● YOUR ASSIGNMENT: The listing below must be repeated word for word, without its pictures.

● DATA SHOWN:
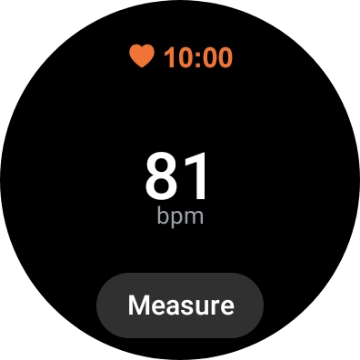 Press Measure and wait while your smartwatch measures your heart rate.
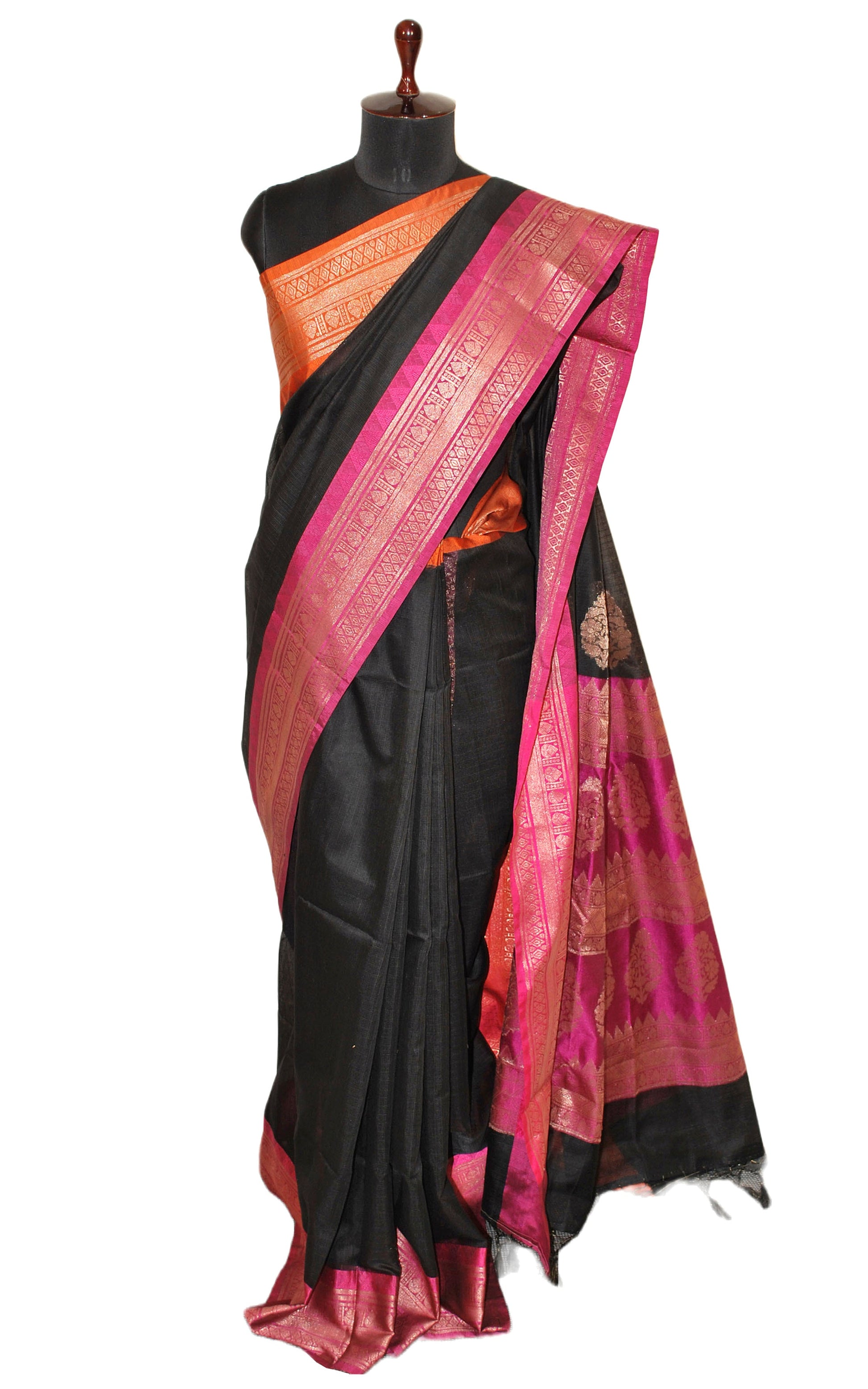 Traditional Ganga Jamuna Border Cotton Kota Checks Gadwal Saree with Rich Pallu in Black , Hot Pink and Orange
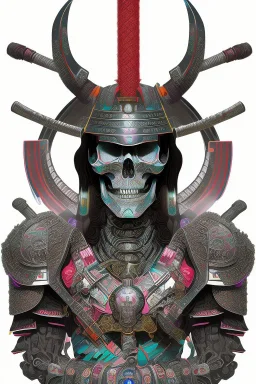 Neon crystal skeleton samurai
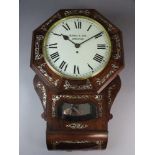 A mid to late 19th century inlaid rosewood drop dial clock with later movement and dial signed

● WRITTEN ANSWER:
 Press Measure and wait while your smartwatch measures your heart rate.
 Traditional Ganga Jamuna Border Cotton Kota Checks Gadwal Saree with Rich Pallu in Black , Hot Pink and Orange
 Neon crystal skeleton samurai
 A mid to late 19th century inlaid rosewood drop dial clock with later movement and dial signed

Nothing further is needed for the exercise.